Skift: I mean, it’s not. It can be useful for automated responses, like asking when a flight is, but nobody wants to use chat when booking something or wait in a digital queue when something goes wrong.
Meir: Exactly. I don’t think anybody went to Booking.com, did a search for a hotel last weekend, and said, “I wish I could have a chat with someone to book this.”
I’m a bit skeptical about the buzz of some stuff, and going back to your question, we went back to the base. What are the main points that people feel today? How could we solve them? And then benchmark, and that’s important, bar against consumer OTAs.
Who knows, maybe A.I. will get there in like 20 years. But right now, it’s a nice experience to see that you have a real team behind you, just waiting to solve any problem you have; it just feels good.
Skift: You’ve raised much money over the last two years. How challenging has it been to scale?
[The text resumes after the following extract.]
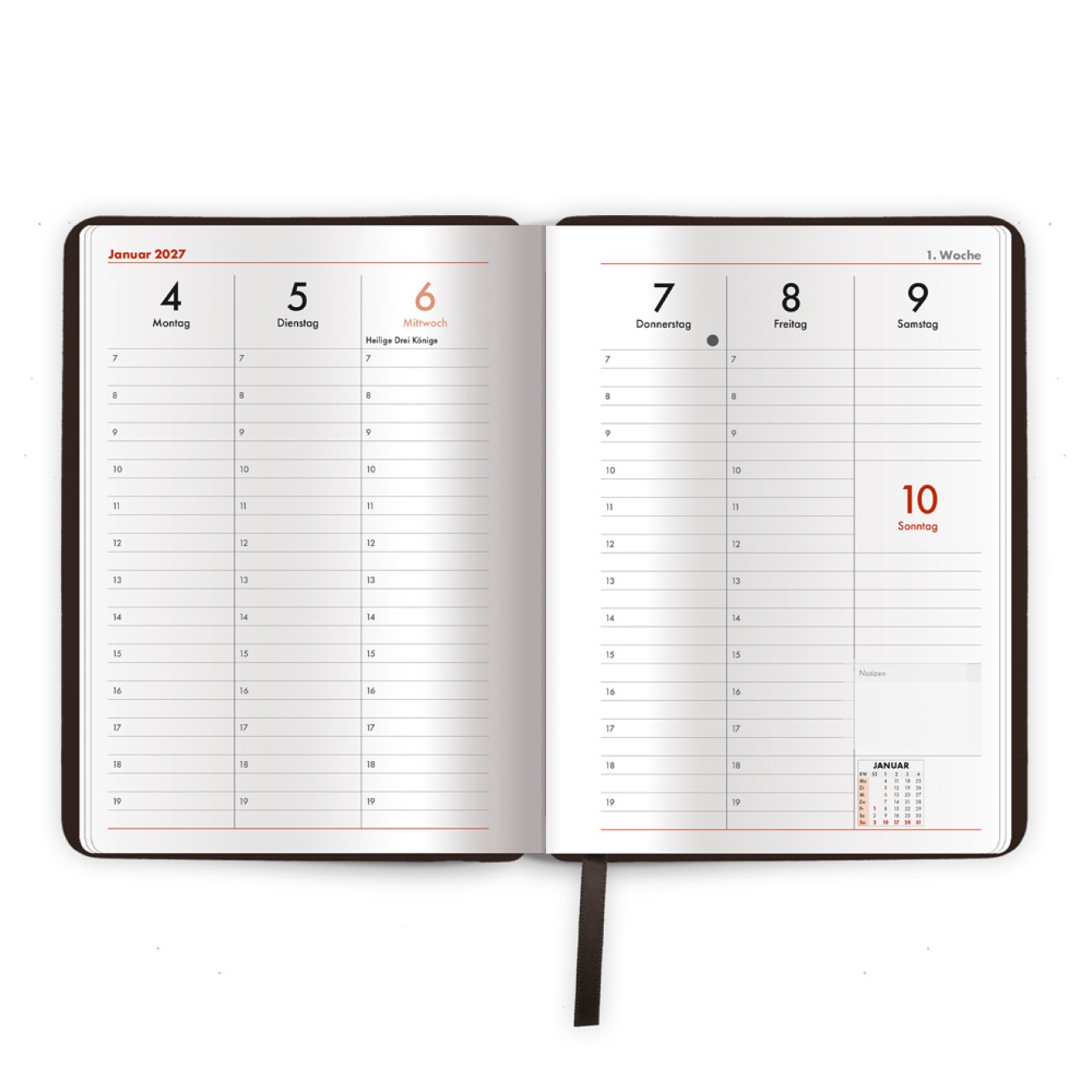 Wochenplaner A5 mit Tasche Schwarz 2027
Meir: It’s challenging; we’ve raised 75 million dollars. Most of it was last year, and we went from 20 people two years ago to over 250 today, and we’ll probably finish the year with around 400, more or less. Most of us are in Barcelona; we have opened one in Berlin and will keep opening more local offices, both fit for sales and management support. So it’s been very challenging; I think the main part is that you could slow down because you have so many people. That’s something we’re really [willing to do]; we’re a company that still grows like hundreds of percent a year, high hundreds, right, so not just two hundred, in revenue, right? So, it went from the single-digit median to hundreds of millions of dollars in sales in two years.
Everything has to change every six months. The system needs to change; sometimes, your team needs to change. The priority is always: let’s not slow down, keep fixing whatever problem our travelers and our users have, and focus on the impact. Sometimes, you can get confused by, “Oh wow, we have so many researchers that we can do everything.” I mean, that’s true in travel, especially in business travel, I would argue, because everything else that existed up until two or three years ago sucked so much; you have so much opportunity. You can go there, go to geography, size of the company, size of the product, what you’re selling, everything; you have endless opportunities, and that’s the risk.
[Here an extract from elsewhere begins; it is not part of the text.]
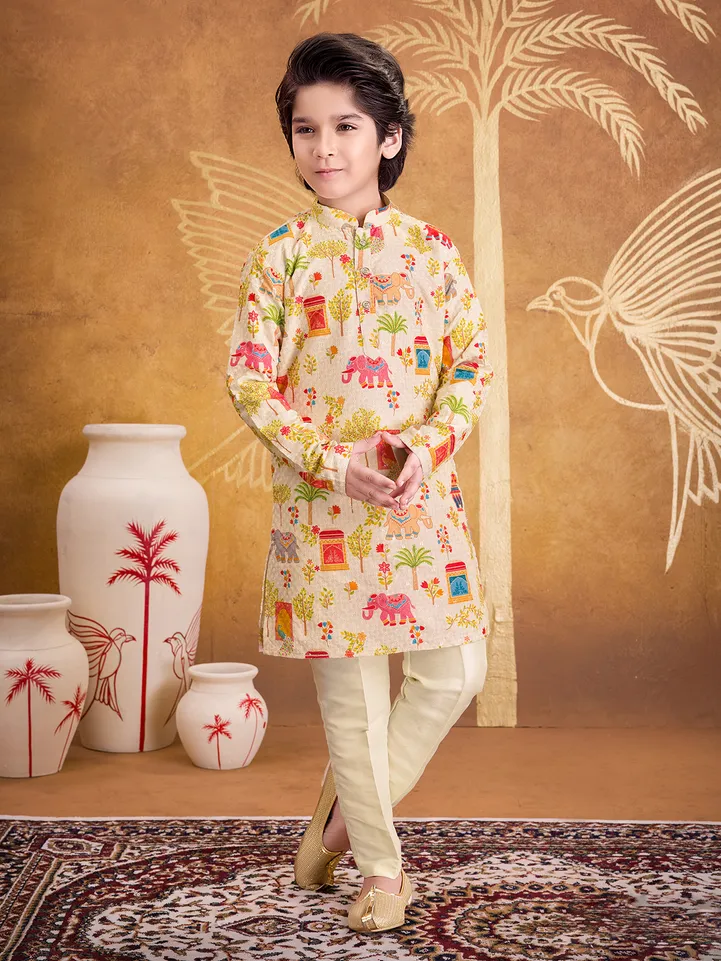 Off white thread worked cotton kurta suit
Skift: What do you think of the US-based business travel startups partnering with the biggest travel management companies in the world? Is that ever something you’d consider for Travelperk?
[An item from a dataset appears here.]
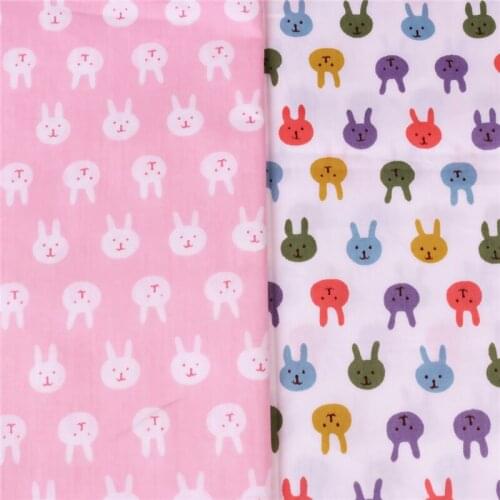 40CM*50CM Twill Cartoon Rabbit Fabric Cotton Child Pink White Print Fat Quarter Meter DIY Sewing Patchwork Baby Quilting Textile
Meir: No. Of course, we know, we speak with everybody, and it’s a small world, right, so it’s good to be friendly with everybody. We feel like we could do better work in providing the experience to our customers. And there’s a lot of value in controlling the incident, including the service side.
Many of these deals you mentioned have a component where the service is outsourced to a bigger TMC, Lola will do the technology, Upside will do the technology for them, etc. This is breaking one of the most important things we do: provide a service. I don’t doubt that Amex can offer an amazing service, but I can provide better service through my travelers’ products. So that’s what drives our decision to keep the experience end-to-end. You never know what will happen in the future, but we focus on not doing cuts right now.
It’s been tough to explain to the board why we’re not optimizing by outsourcing through an agency in our early days, but I think everybody sees it now. To see such a different customer behavior, if you can provide an amazing experience, you can control it… It would have been easier to outsource that to an agency, but I’m not interested in being a nice front-end to what should be a service, right? I’m not saying that a specific player is shitty, but I’m just not interested in that. I want to be a great front-end for an amazing service, and right now, the only way we can provide it is by doing everything, including service.